__YOUR TASK__: Without the pictures, give the records again exactly as they appear.

__RECORD SET__:
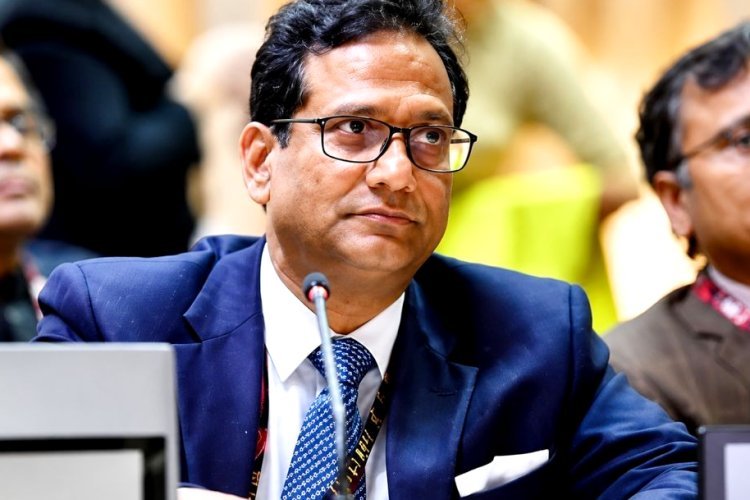 खीरा सब्सिडी कांड वाले IAS नरेश पाल गंगवार बने देश के नए शिक्षा सचिव, पत्नी, बेटे और मां को दिया था 1.16 करोड़ की सब्सिडी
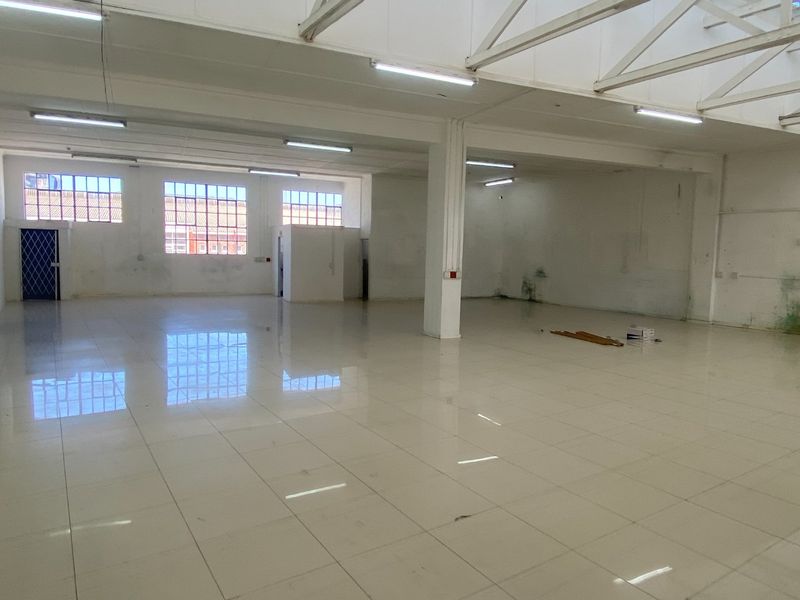 470m2 Industrial to Let  - Photo 3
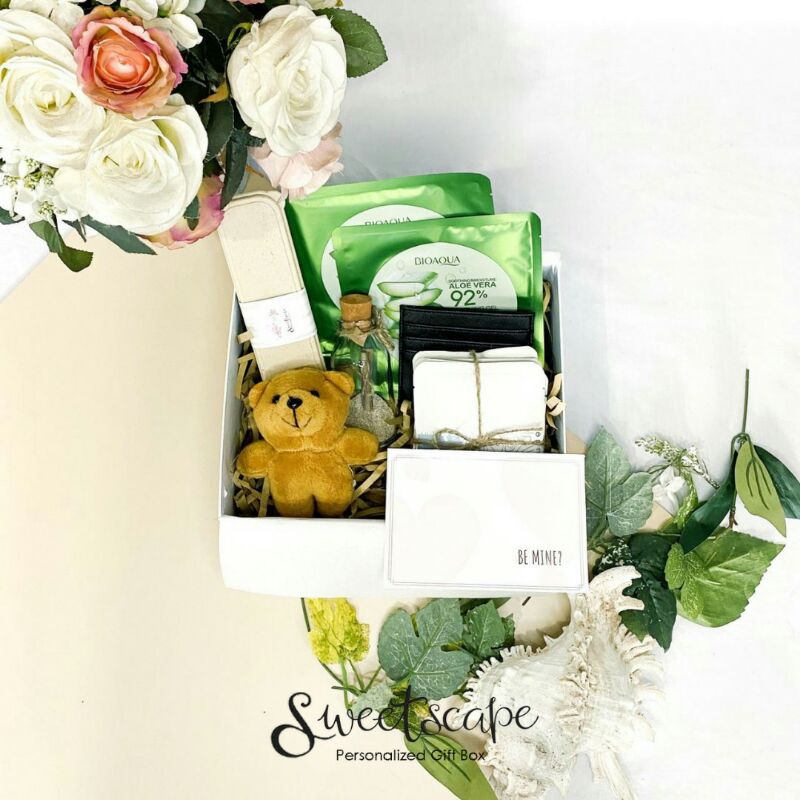 

Gift Box Package 193-Paket Hampers 193 - Custom Gift Box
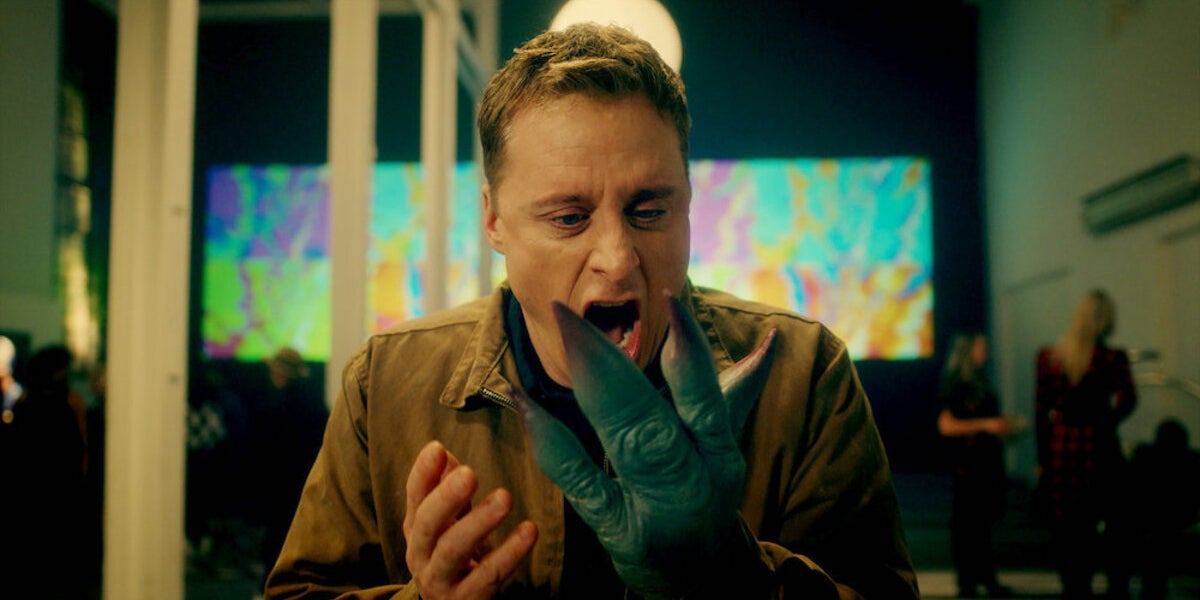 La suite de la saison 2 de Resident Alien débarque sur SYFY dès aujourd'hui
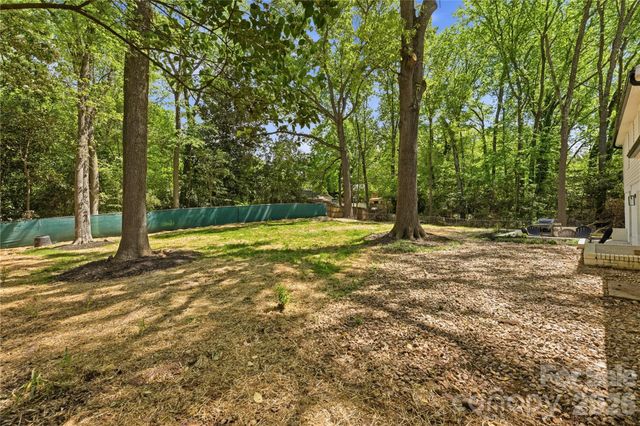 6523 Tall Oaks Trail, Charlotte, NC 28210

__WRITTEN ANSWER__:
 खीरा सब्सिडी कांड वाले IAS नरेश पाल गंगवार बने देश के नए शिक्षा सचिव, पत्नी, बेटे और मां को दिया था 1.16 करोड़ की सब्सिडी
 470m2 Industrial to Let  - Photo 3

Gift Box Package 193-Paket Hampers 193 - Custom Gift Box
 La suite de la saison 2 de Resident Alien débarque sur SYFY dès aujourd'hui
 6523 Tall Oaks Trail, Charlotte, NC 28210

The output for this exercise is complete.